Maybe not at lower levels, but as you move up, the running game involves much move than just seeing who get up the floor the fastest. Getting shooters and finishers in the right spots, creating options and flowing directly to a half court offense become more and more important as you play against better and better teams.
Just like any offense, you have to decide what objectives you want to meet. As it develops, your break can take many forms, so my first step is always to lay out how I want the break to end. To that end, my objectives look like this:
1 on 1 - Lay up
2 on 1 - Lay up
3 on 1 - Lay-up
4 on 1 - Lay up
3 on 2 - Lay up or short jump shot
4 on 2 - Lay up or short jump shot
5 on 2 - Lay up or short jump shot
In short, anytime there is 1 defender back, we look for a lay up, only. In an advantage break where there are 2 defenders, we still look for a lay up but if we get a short jump shot, we’ll take it and then try to use our number advantage on the glass should we happen to miss the shot. Anything other than those objectives, my break turns into my transition offense.
The second thing I do in constructing my break is to see where it is I want to end up. I just seems strange to me to run a break, gain an advantage, and then have to stop and re-set into a half court offense and loose any advantage I have gained. I believe your break should end up in the positions you would want when entering your offense.
For example, if I ran the flex, I would want my break to end with players in these positions:
Most importantly, I try to develop my break philosophy. This, I believe is the most important aspect of anything in basketball. Your philosophy is what makes everything work. I am in coaching, the longer and longer I go, when it comes to my break, my philosophy becomes clearer and clearer. Since a 2 on 1 break is the most successful set, I simply try to turn every break into a 2 on 1.
To do this, I try to accomplish 2 things. First, I try to get my best finishers out to the wings and ahead of the ball. Most teams send shooters, as I used to. But, I have found the getting a shooter a shot on the break is not difficult. In fact, it’s easier to use a shooter as a trailer. So, instead of sending a shooter, I send finishers.
Next, I will headman the ball if there is a sliver of daylight between the player and his defender. “Headmanning” means, throwing the ball to a man ahead when the opportunity permits. Most coaches, as I used to, like to keep the ball with their point guard. I know longer feel that way. While good point guards are good at running the show, bad points guards are bad at it. My intention in running the break is to put pressure on the defense. Nothing does that like getting the ball up the court. In my break, I want to get the ball to the corner within 4 seconds of making the pitch. If we don’t get the early shot, the “Headman” brings the ball to the corner and everyone else fills their spots and we immediately go into a transition offense.

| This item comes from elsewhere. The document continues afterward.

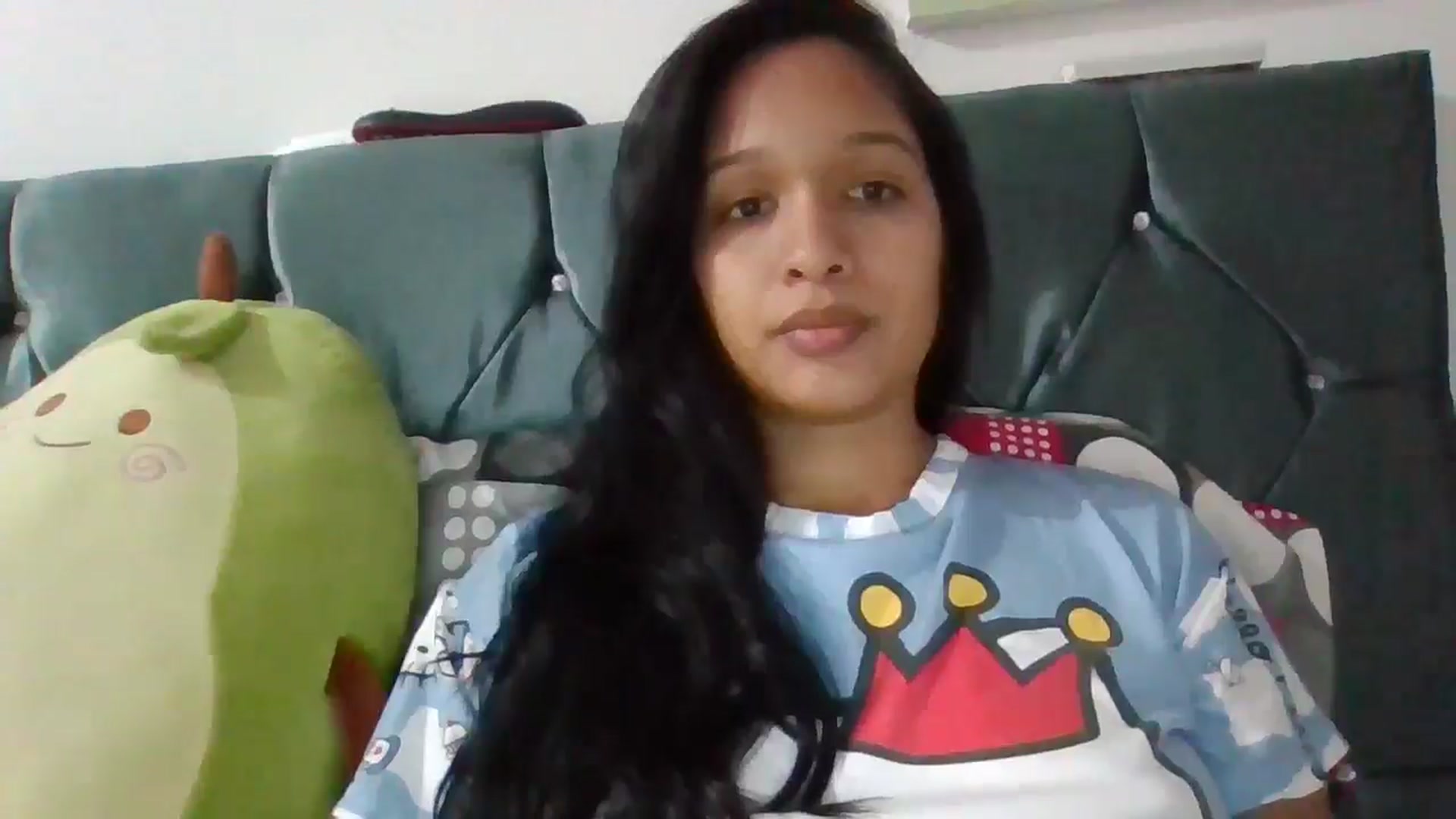 Gallery image thumbnail from Sexy_latina69's myfreecams stream on, 07/15/2024, 06:13 image 17 of 20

Getting the fishers out and headmanning the ball
Resulting 2 on 1 opportunity
Without the 2 on 1, ball goes to the corner
Players then fill transition offense spots.
I don’t want to give you the impression that I am talking about running out of control and throwing the ball to anyone. If Roy Hibbert were the headman, I probably wouldn’t pitch it. But then again, If Roy Hibbert were running a wing, I probably haven’t done a good job of role definition in practice. But, anyone else who has the role of running the wing, I would pitch it.
Headmanning and trying to turn all your breaks accomplishes a lot of things. It puts pressure on the defense, gives you opportunities for break out baskets and a surprising number of 3-point plays (lay up and a foul) and if you don’t get a 2 on 1 basket, it really forces the defense to protect the basket and the baseline.
I abandoned the ball in the middle of the floor with a point guard long ago. I really found it too confining if I really wanted to get up the floor. I much more favor trying to turn all breaks into 2 on 1s. It is much more efficient, you get better scoring opportunities, have more lanes for trailers and a lot more flexibility for transition offense. Compressing the defense to the baseline immediately gives great offensive advantage.